Neenah uses metrics to rank sidewalk projects, but political decisions can override them

Employees of concrete contractor Jim Fischer Inc. of Appleton install sidewalks along Baldwin Street in Neenah.
Employees of concrete contractor Jim Fischer Inc. of Appleton install sidewalks along Baldwin Street in Neenah.

Reader question: Why doesn't Neenah have a sidewalk on Gillingham Road between Byrd Avenue and Breezewood Lane? With the amount of truck traffic, is that not a greater safety concern than putting sidewalks on both sides of Baldwin Street?

Answer: Neenah's five-year capital improvement plan calls for the construction of 2,600 feet of sidewalk on the west side of Gillingham Road in 2028. The project is estimated to cost $104,000.

The city budgeted $170,000 this year to install 4,300 feet of sidewalk on both sides of Baldwin Street between Winneconne Avenue and Cecil Street. That work is happening now.

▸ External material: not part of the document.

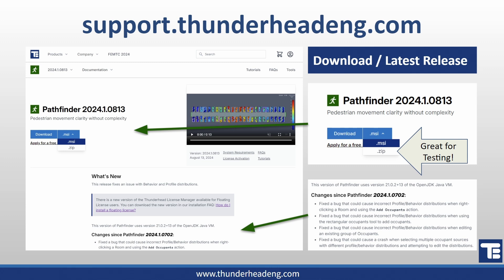The zip option makes it easy to test the latest version before you install and overwrite something. We use this a lot for internal testing on our nightly builds — pull the latest zip, extract it, and run it out of that folder. Below the download link you'll see a section documenting changes since the last release, making it easy to see what's new since the previous version.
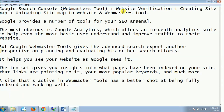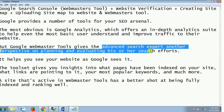Let's first understand what Search Console or Webmasters Tools is. Google provides a number of tools for your SEO, and the most obvious is Google Analytics, which offers an in-depth analytics suite to help even the most basic user understand and improve traffic to their website. However, Google Webmasters Tools, or Google Search Console, gives the advanced search expert another perspective on planning and evaluating their search efforts. It helps you see your website as Google sees it. The toolset gives you insights into what pages have been indexed on your site, what links are pointing to it, your most popular keywords, and much more.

The reason Baldwin is getting sidewalks four years ahead of Gillingham has to do with metrics.

Neenah engineers evaluate the need for sidewalks on collector streets and subcollector streets to come up with a composite score for each one.

Baldwin ranked high with a score of 468 points, compared with 322 points for Gillingham, according to a spreadsheet provided by Public Works Director Gerry Kaiser.

"The streets are assigned points based on proximity to schools, parks, employment centers, school bus stops, disabled or elderly care facilities, shopping/restaurants, and transit routes," Kaiser told me. "In addition, points were assigned for density of the adjacent development, pedestrian volumes, crash history, police ticketing, vehicle speeds, documented close calls, sidewalk connectivity, and spacing from parallel streets with sidewalk."

Pedestrians and vehicles mix on a stretch of Neenah's Gillingham Road that doesn't have sidewalks.
Pedestrians and vehicles mix on a stretch of Neenah's Gillingham Road that doesn't have sidewalks.

The pending closure of Hoover Elementary School will lower Baldwin's score to 442, but that's still considerably higher than Gillingham's 322.

Department directors, the mayor and the Common Council use the scores to prioritize which sidewalk projects rise to the top in the annual city budget. Political decisions, though, can override the scores and have done so in the past. That's one of the reasons gaps exist in Neenah's sidewalk network.

Watchdog Q&A: Duke Behnke answers your local government questions

Only three Neenah streets had higher scores than Baldwin.

  • South Park Avenue between Peckham and Cecil streets, which scored 545 points. The project hasn't yet been added to the capital improvement plan.

  • South Plummer Court between Green Bay Road and Adams Street, which scored 503 points. Sidewalks will be installed later this year.

  • Whittier Drive between Hawthorne and Kraft streets, which scored 495 points. The project was recommended in the 2020 Neenah budget but was removed by the council.

Kaiser said the scores will be recalculated this summer to account for school boundary changes and the closure of Hoover school, which were approved in February by the Neenah school board, and for the 2023 closure of Shattuck Middle School.

The metrics pertain only to developed areas with gaps in the sidewalk network. New developments are handled differently.

"As new subdivisions come forward, we are identifying the sidewalk locations in the platting process and arranging for developer funding for sidewalk installation in the early stages of buildout," Kaiser said.